Problem details: Every line from the top of the records through the one bearing "Rode accenten in het interieur" is to be reproduced exactly, and pictures are to be left out.

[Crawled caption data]
--------------------------------

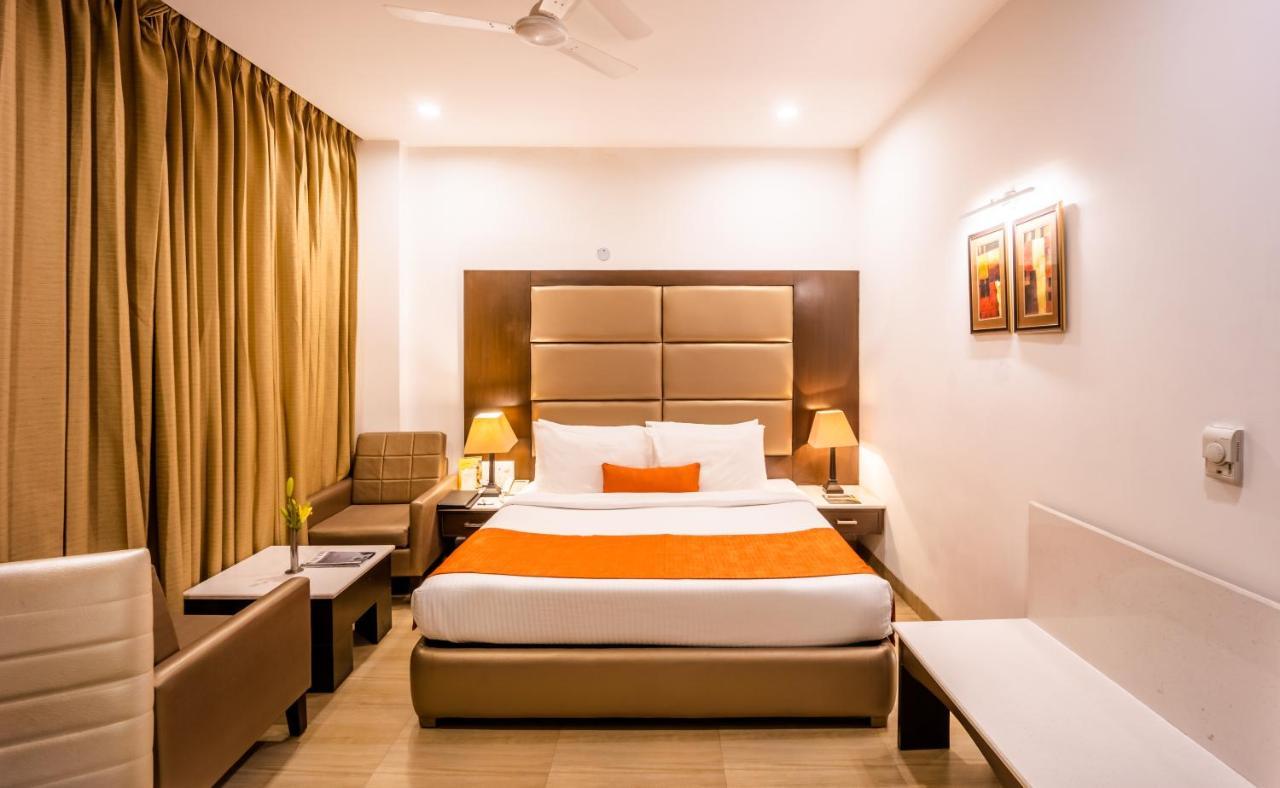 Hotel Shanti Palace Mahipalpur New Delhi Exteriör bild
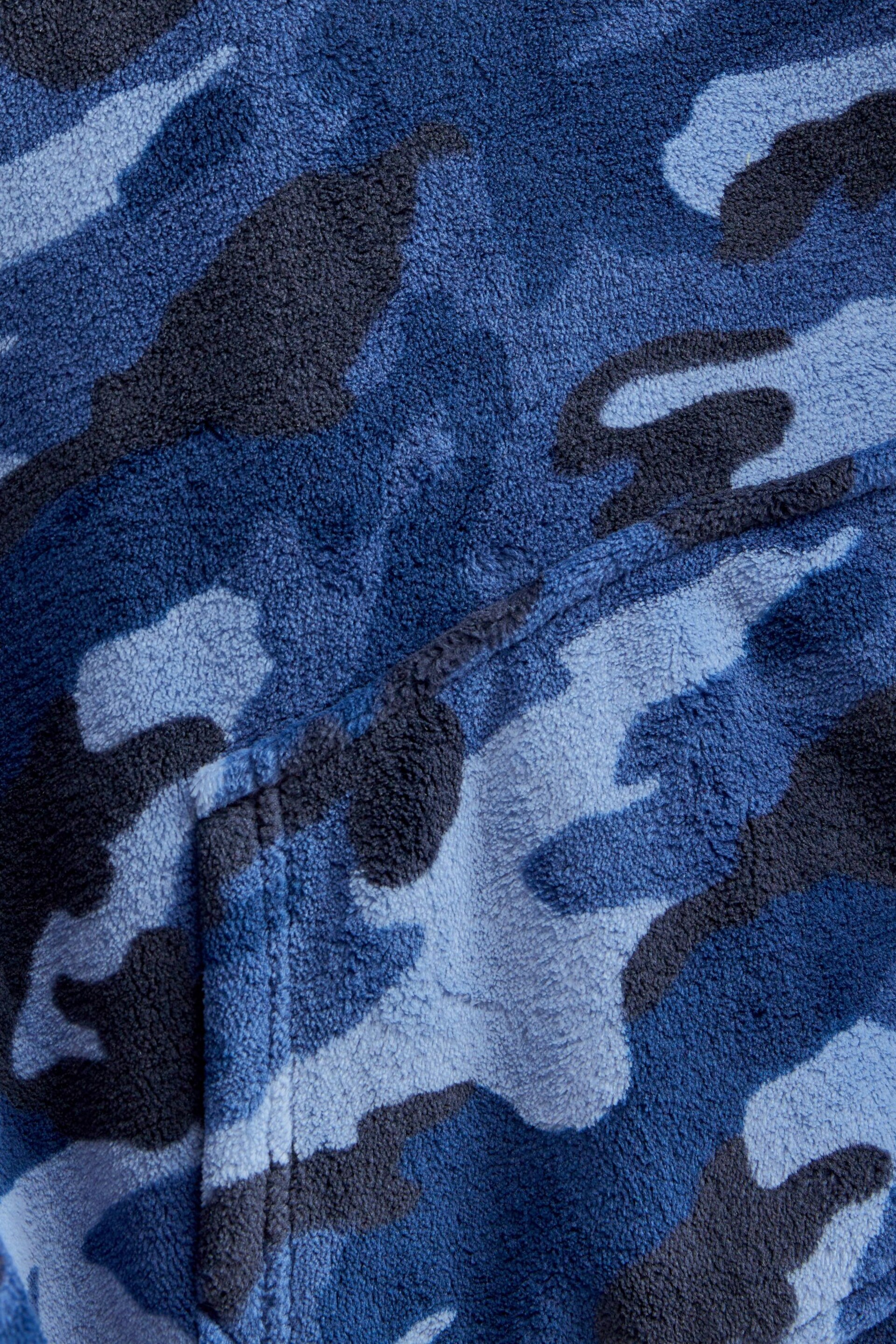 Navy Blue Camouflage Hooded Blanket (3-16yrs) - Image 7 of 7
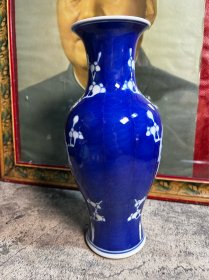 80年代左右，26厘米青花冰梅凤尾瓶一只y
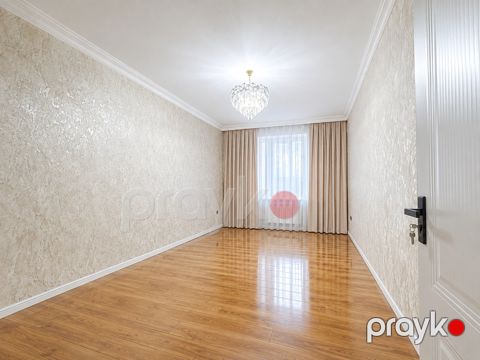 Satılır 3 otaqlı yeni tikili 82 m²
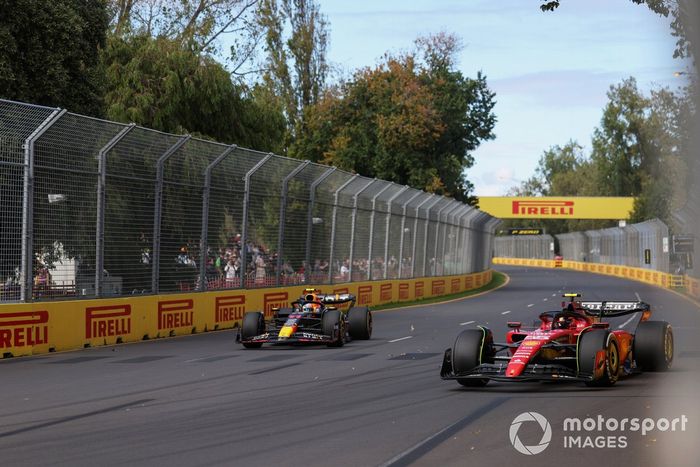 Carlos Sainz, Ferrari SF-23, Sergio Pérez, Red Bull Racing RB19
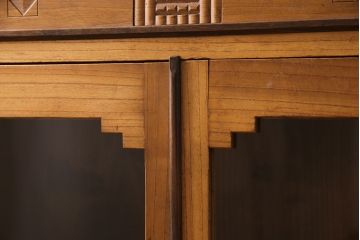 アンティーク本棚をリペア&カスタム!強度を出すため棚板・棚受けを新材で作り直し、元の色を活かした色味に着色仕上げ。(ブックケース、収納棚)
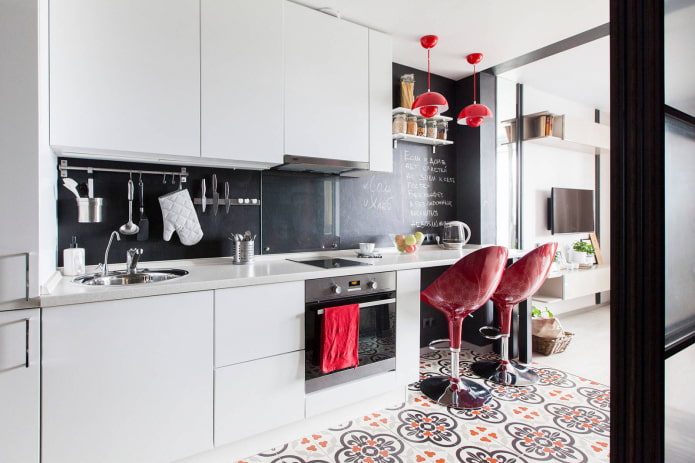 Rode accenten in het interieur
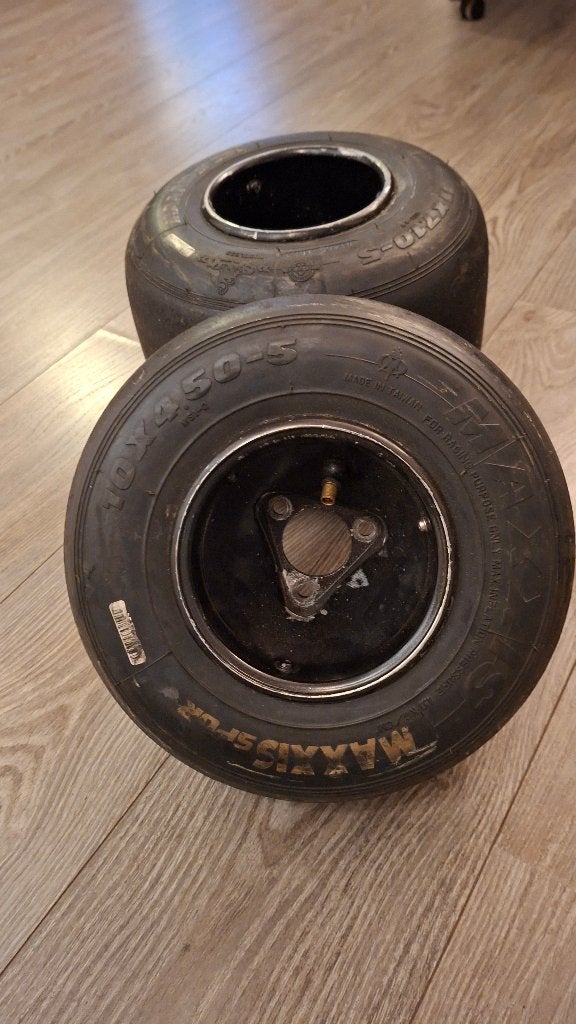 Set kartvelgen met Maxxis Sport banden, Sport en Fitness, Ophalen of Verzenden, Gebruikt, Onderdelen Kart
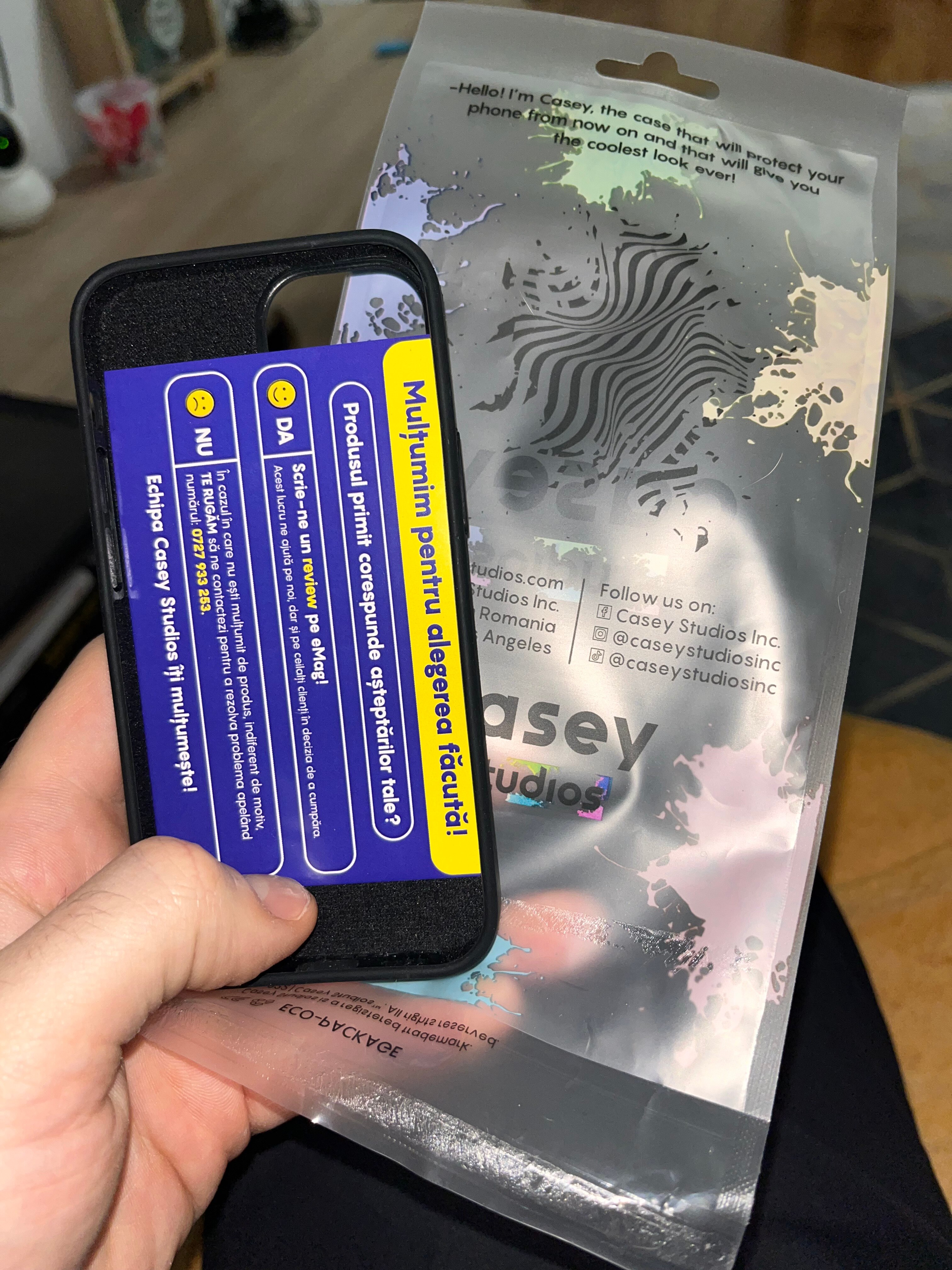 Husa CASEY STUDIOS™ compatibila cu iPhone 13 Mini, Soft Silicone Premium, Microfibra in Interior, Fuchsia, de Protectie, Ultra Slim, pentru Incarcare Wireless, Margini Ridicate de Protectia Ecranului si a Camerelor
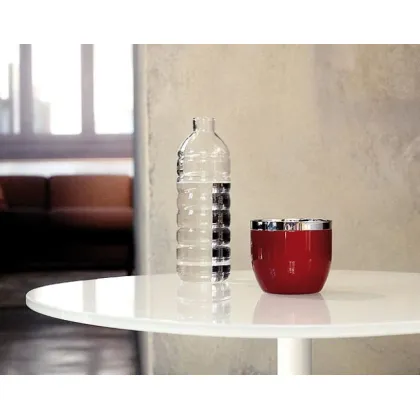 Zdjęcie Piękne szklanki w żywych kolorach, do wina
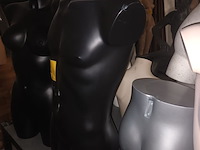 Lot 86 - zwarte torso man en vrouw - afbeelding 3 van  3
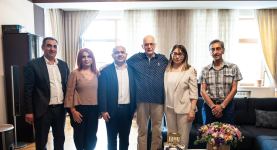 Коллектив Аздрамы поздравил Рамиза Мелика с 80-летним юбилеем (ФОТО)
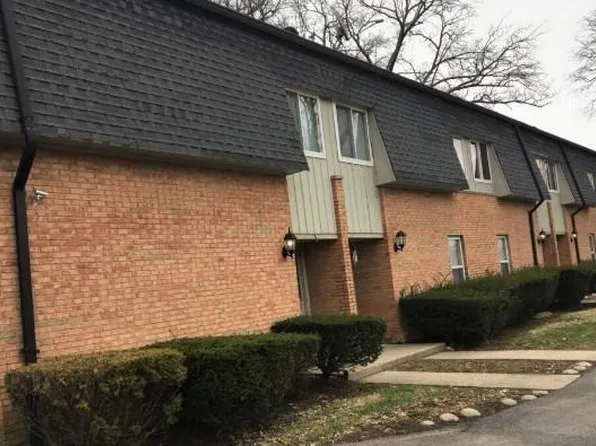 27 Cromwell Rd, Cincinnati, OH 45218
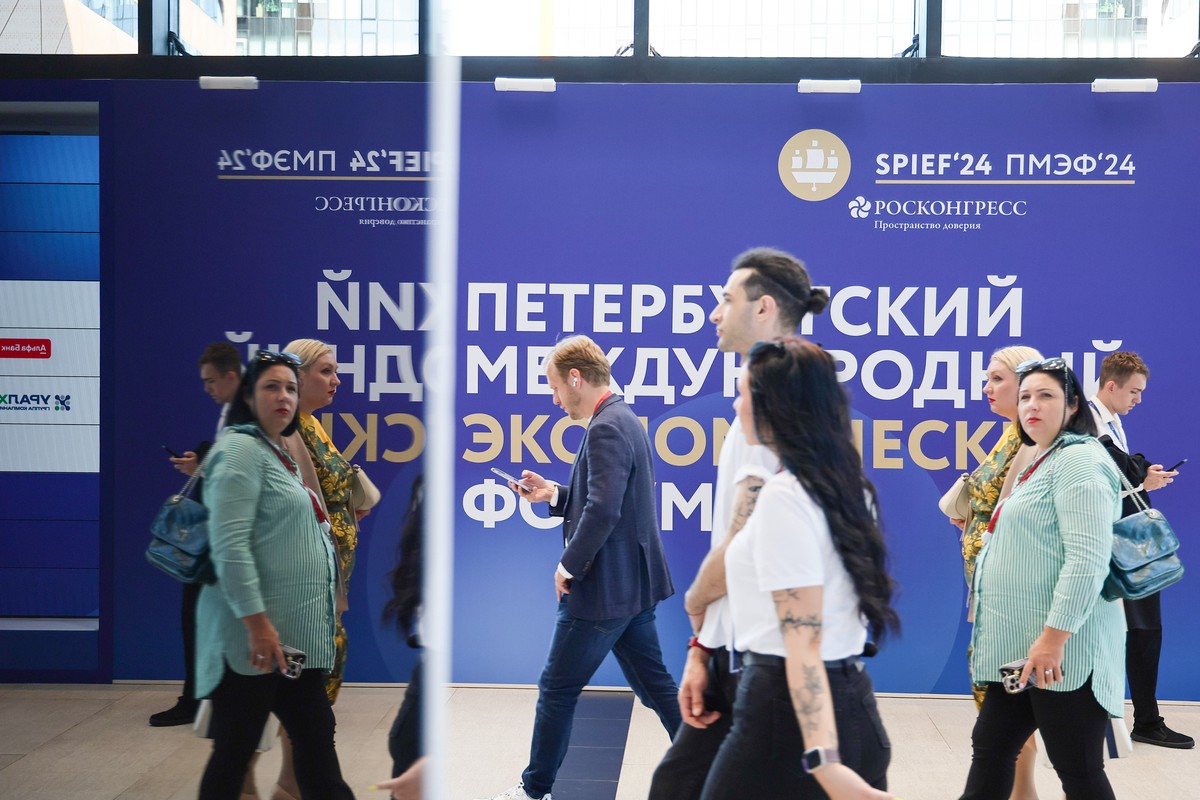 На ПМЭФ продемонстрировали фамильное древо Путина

--------------------------------

Expected answer:
 Hotel Shanti Palace Mahipalpur New Delhi Exteriör bild
 Navy Blue Camouflage Hooded Blanket (3-16yrs) - Image 7 of 7
 80年代左右，26厘米青花冰梅凤尾瓶一只y
 Satılır 3 otaqlı yeni tikili 82 m²
 Carlos Sainz, Ferrari SF-23, Sergio Pérez, Red Bull Racing RB19
 アンティーク本棚をリペア&カスタム!強度を出すため棚板・棚受けを新材で作り直し、元の色を活かした色味に着色仕上げ。(ブックケース、収納棚)
 Rode accenten in het interieur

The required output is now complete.